» **Activity**: Copy out, precisely as given, the lines from the line with "TWIN SPOT Wall" to the end of the entries that follow.

Brief descriptive captions
|---|

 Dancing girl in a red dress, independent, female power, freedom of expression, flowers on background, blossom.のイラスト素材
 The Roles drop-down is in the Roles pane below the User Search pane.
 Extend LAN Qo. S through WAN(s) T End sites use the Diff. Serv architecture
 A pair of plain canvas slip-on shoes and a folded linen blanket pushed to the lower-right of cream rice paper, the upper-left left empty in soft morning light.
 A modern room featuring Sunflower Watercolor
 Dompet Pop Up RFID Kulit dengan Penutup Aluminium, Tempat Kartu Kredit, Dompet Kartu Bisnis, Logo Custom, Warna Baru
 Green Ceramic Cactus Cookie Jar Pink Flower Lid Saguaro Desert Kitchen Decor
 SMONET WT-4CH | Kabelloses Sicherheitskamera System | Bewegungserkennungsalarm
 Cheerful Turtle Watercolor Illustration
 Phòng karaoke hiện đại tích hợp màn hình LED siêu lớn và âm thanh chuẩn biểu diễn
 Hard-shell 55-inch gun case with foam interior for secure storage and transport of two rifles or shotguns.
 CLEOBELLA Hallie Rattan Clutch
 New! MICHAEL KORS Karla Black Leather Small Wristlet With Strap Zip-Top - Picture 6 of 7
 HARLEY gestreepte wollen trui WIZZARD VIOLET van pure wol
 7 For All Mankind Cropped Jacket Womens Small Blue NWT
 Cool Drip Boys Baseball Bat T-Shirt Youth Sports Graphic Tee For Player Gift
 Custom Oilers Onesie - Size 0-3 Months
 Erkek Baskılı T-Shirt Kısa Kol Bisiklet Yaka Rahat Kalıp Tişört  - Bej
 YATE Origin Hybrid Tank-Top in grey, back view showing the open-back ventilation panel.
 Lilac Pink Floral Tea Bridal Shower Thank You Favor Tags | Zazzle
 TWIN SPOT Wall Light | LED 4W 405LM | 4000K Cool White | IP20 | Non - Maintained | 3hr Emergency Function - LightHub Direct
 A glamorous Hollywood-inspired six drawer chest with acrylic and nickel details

|---|

» **Task response**:
 TWIN SPOT Wall Light | LED 4W 405LM | 4000K Cool White | IP20 | Non - Maintained | 3hr Emergency Function - LightHub Direct
 A glamorous Hollywood-inspired six drawer chest with acrylic and nickel details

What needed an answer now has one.